そうですね。石垣の三校(八重商工/八重高/八重農高)で郷土芸能部の顧問を38年間務めました。昭和54年(1980年)に沖縄県高等学校文化連盟が結成されて、高校生の文化活動が活発化していきました。昭和63年(1988年)から全国高校総合文化祭に、八重山の三高校合同で出場し高い評価を受けていました。しかし、三校合同の場合、最優秀賞・優勝賞の審査対象外になっていた為、三校の顧問で話し合い、平成6年(1994年)から審査対象になるよう単独校で挑戦することになりました。そして、第18回愛媛大会で、八重山高校が「黒島口節・みなとーま」を演じ、見事第1位の最優秀文部大臣賞を受賞し、国立劇場で東京公演を行いました。これまでの高校での郷土芸能指導で、平成6年(1994年)5月沖縄県高等学校文化連盟文化功労賞を。平成12年(2000年)3月沖縄タイムス教育賞(学校教育部門特別活動)を頂きました。

Q:糸洌先生にとって唄・三線とは?
今となっては、唄・三線は歴史も含めて全て勉強してきたので、私の生活そのものと思うんだけど・・・人生の中でなにかにつけ唄があり、踊りがあったしね。
唄や踊りは、今のように譜面などほぼ無かった時代は口伝えの伝承がほとんどだった。唄は(譜面など)見て覚えるのではなく、耳で覚えることが大事なのではないかと思います。

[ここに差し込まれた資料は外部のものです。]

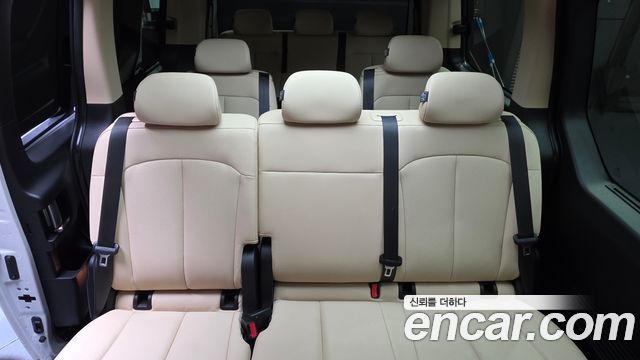 Hyundai Staria 2025 — photo 25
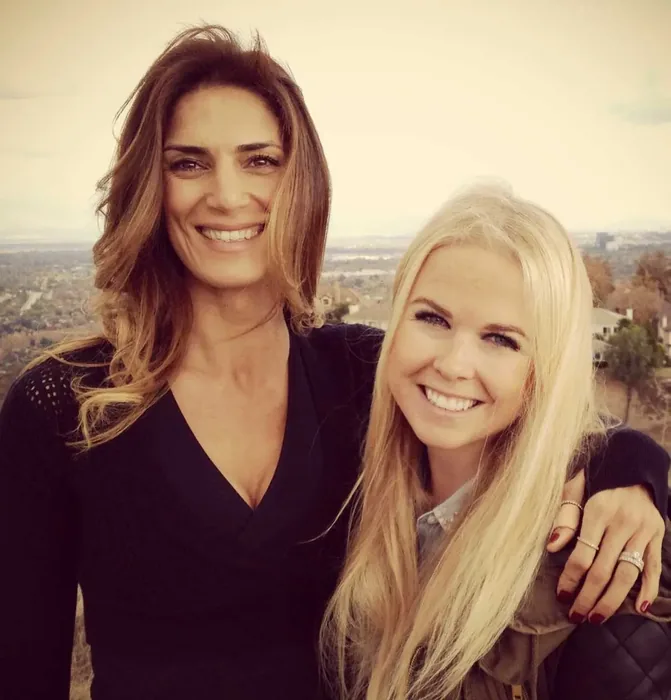 Promi-Fitnessqueen Natascha Fett geht Hollywoodstars an den Speck!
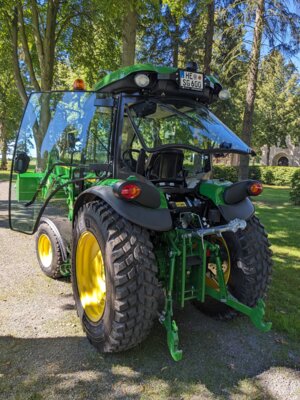 Foto des Albums: Neuer Kommunaltraktor für den Samtgemeindebetriebshof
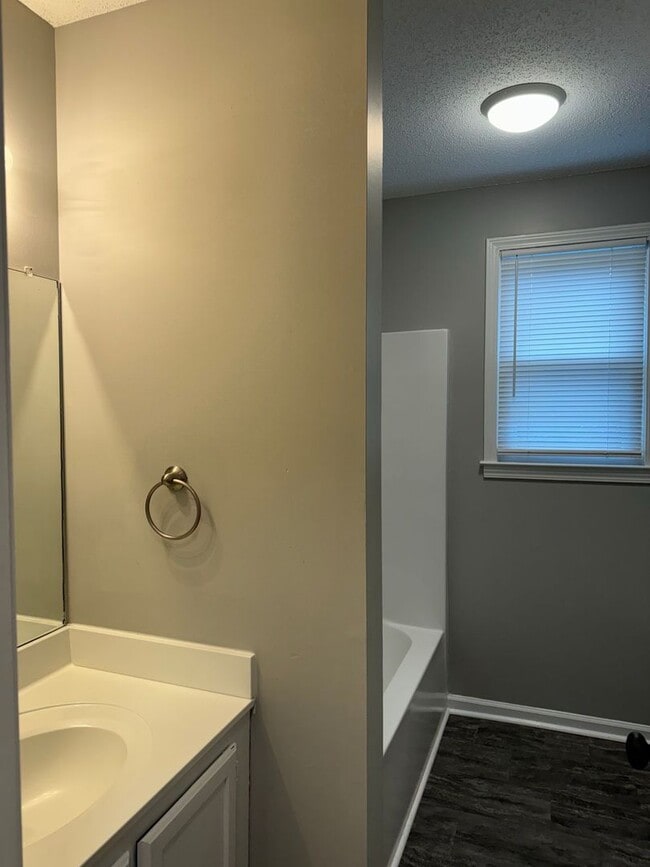 Building Photo - Minutes from Post, shopping, and local parks. 3 bed/2 bth, 1200 sq.ft, fenced backyard!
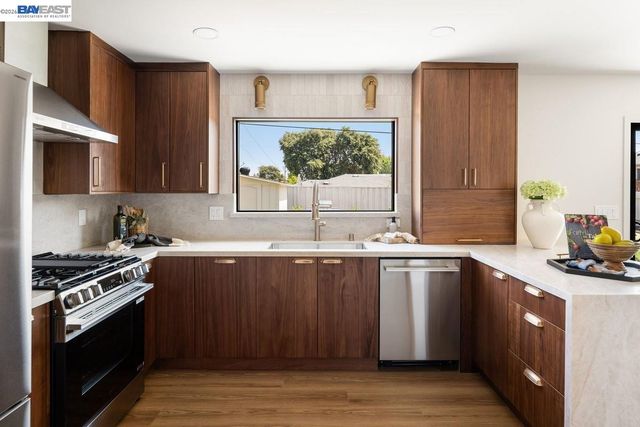 8155 Elgin Ln, Dublin, CA 94568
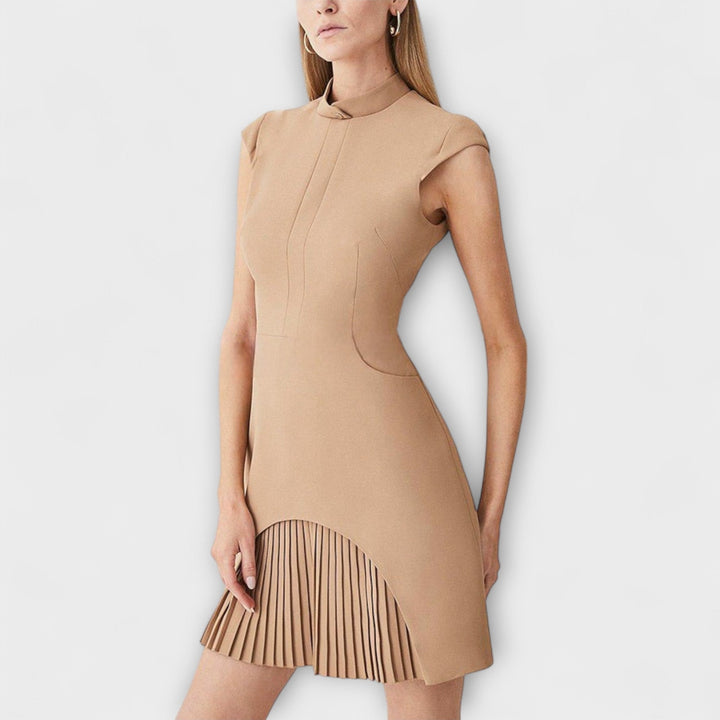 Elowen – Vestido Mini em Patchwork com Inspiração Militar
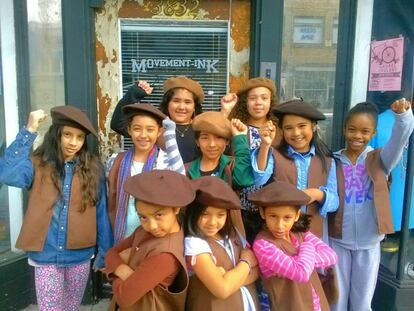 Puño en alto y sonrisa. Las Girl Scout parten la pana.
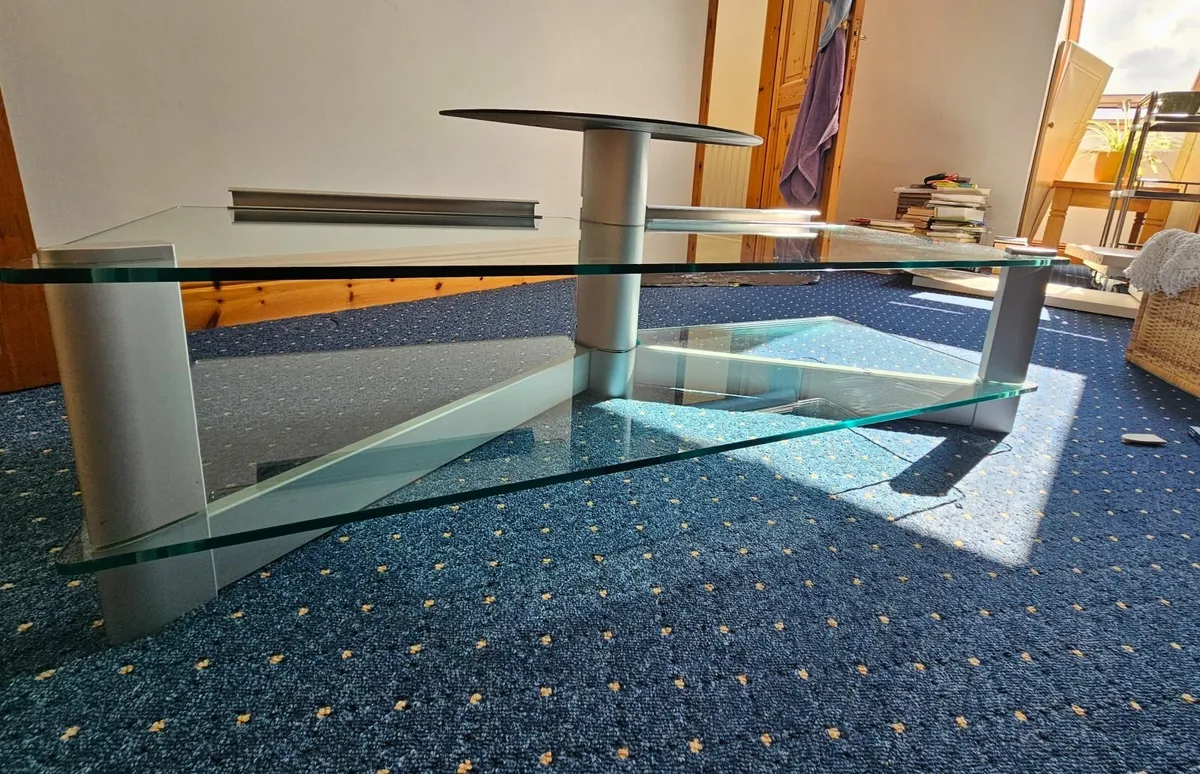 TV stand - Image 1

中高の郷土芸能部に入部してくる子の中には、本当に唄・三線の上手い子がいます。そういう子は大体小さい頃から地元の唄者に唄を習い、地元の豊年祭や祭事などで唄って来た子なんですよね。地元の方言(スィマムニ)の正しい唄の伝承はとても大切で、私はこれからも民謡と方言は不離一体のものとして捉え、時代背景や時代考証を探求していきます。